> [Data listing]

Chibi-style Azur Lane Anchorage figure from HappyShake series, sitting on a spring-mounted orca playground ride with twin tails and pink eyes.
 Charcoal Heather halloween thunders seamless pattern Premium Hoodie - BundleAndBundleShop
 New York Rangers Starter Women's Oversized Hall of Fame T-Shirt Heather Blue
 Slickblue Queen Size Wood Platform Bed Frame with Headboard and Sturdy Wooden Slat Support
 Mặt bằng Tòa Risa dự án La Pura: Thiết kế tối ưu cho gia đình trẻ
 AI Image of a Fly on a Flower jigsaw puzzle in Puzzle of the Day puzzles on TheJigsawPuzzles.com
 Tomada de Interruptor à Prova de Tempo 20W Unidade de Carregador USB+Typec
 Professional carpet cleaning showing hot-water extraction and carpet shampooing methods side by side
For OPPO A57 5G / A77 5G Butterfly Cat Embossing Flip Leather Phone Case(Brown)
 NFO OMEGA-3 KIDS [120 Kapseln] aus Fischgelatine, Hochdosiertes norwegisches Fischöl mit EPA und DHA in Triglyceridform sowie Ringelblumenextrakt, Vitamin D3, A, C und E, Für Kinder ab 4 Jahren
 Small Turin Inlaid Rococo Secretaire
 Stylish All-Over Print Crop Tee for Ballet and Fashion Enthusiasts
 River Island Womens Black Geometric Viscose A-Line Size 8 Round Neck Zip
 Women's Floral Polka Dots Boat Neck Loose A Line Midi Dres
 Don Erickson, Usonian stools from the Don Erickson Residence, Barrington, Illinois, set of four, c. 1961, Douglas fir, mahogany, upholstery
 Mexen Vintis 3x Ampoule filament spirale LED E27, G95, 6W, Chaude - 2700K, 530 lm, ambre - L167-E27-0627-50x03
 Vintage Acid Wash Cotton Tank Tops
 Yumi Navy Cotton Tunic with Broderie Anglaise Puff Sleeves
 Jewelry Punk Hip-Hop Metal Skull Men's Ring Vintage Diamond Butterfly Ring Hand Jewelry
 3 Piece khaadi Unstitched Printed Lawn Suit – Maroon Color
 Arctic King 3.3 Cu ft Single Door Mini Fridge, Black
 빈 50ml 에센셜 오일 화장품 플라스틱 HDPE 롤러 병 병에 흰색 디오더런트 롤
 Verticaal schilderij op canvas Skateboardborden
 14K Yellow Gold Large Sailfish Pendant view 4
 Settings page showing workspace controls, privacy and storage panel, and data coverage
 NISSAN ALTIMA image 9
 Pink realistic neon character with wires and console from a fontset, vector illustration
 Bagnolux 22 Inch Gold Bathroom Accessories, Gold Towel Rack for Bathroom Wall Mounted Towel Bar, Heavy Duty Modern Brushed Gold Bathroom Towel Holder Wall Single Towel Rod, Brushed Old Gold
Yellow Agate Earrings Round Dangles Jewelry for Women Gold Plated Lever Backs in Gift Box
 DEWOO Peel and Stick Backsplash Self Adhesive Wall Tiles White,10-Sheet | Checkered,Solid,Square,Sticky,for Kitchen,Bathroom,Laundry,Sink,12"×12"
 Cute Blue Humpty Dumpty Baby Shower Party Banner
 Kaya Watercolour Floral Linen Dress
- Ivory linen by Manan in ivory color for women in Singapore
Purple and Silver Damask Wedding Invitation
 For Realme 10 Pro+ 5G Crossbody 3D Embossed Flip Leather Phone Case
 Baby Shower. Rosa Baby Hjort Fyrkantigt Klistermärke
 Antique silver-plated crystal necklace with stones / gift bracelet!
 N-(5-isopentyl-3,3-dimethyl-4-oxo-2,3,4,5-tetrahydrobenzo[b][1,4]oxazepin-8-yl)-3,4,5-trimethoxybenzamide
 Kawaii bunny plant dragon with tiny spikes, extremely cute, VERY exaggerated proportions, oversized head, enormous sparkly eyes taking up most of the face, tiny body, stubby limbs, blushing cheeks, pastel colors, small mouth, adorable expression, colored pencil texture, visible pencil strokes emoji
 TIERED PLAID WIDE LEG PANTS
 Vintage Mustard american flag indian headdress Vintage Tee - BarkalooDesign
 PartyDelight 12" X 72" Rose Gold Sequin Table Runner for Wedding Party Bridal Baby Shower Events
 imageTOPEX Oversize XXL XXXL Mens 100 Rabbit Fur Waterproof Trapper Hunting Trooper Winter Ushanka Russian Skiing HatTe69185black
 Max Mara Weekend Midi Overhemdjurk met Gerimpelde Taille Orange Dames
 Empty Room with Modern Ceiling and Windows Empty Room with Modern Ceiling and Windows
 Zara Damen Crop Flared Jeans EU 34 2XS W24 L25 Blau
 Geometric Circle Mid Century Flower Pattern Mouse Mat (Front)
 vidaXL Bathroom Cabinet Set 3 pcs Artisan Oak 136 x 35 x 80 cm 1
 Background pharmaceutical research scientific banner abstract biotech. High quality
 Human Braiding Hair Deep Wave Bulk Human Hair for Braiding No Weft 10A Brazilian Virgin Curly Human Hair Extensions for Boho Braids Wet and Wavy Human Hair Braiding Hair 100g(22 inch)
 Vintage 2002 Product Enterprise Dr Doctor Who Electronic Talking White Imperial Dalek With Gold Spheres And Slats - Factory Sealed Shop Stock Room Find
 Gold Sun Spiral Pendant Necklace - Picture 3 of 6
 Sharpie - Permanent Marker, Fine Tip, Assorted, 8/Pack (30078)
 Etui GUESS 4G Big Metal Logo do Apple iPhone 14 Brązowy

> [Exercise objective] Where the line holding "Cute Blue Humpty" appears in the listing above, start reproducing exactly, and end with the line holding "Max Mara Weekend".

> [Expected answer]
 Cute Blue Humpty Dumpty Baby Shower Party Banner
 Kaya Watercolour Floral Linen Dress
- Ivory linen by Manan in ivory color for women in Singapore
Purple and Silver Damask Wedding Invitation
 For Realme 10 Pro+ 5G Crossbody 3D Embossed Flip Leather Phone Case
 Baby Shower. Rosa Baby Hjort Fyrkantigt Klistermärke
 Antique silver-plated crystal necklace with stones / gift bracelet!
 N-(5-isopentyl-3,3-dimethyl-4-oxo-2,3,4,5-tetrahydrobenzo[b][1,4]oxazepin-8-yl)-3,4,5-trimethoxybenzamide
 Kawaii bunny plant dragon with tiny spikes, extremely cute, VERY exaggerated proportions, oversized head, enormous sparkly eyes taking up most of the face, tiny body, stubby limbs, blushing cheeks, pastel colors, small mouth, adorable expression, colored pencil texture, visible pencil strokes emoji
 TIERED PLAID WIDE LEG PANTS
 Vintage Mustard american flag indian headdress Vintage Tee - BarkalooDesign
 PartyDelight 12" X 72" Rose Gold Sequin Table Runner for Wedding Party Bridal Baby Shower Events
 imageTOPEX Oversize XXL XXXL Mens 100 Rabbit Fur Waterproof Trapper Hunting Trooper Winter Ushanka Russian Skiing HatTe69185black
 Max Mara Weekend Midi Overhemdjurk met Gerimpelde Taille Orange Dames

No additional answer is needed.